_Exercise inputs_.

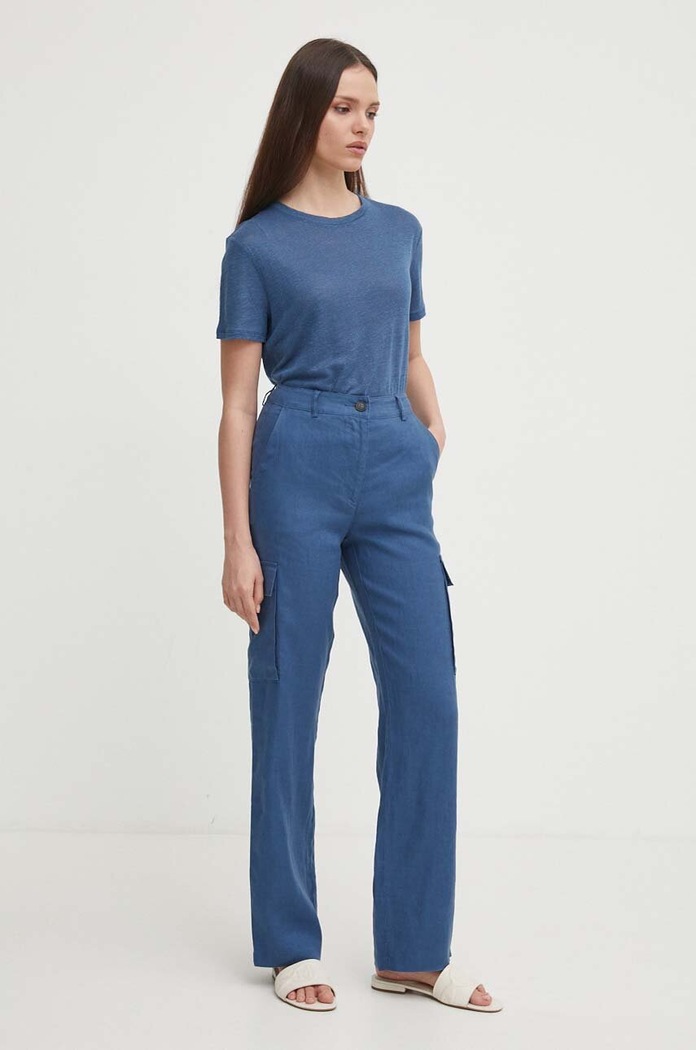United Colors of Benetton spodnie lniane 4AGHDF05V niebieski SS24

* * *

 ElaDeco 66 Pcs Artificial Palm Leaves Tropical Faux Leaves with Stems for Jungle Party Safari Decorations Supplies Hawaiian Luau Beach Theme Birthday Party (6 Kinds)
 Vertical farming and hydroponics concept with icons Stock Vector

_Your task_. The expected result is every line above containing the string "with".

_Written answer_.
 ElaDeco 66 Pcs Artificial Palm Leaves Tropical Faux Leaves with Stems for Jungle Party Safari Decorations Supplies Hawaiian Luau Beach Theme Birthday Party (6 Kinds)
 Vertical farming and hydroponics concept with icons Stock Vector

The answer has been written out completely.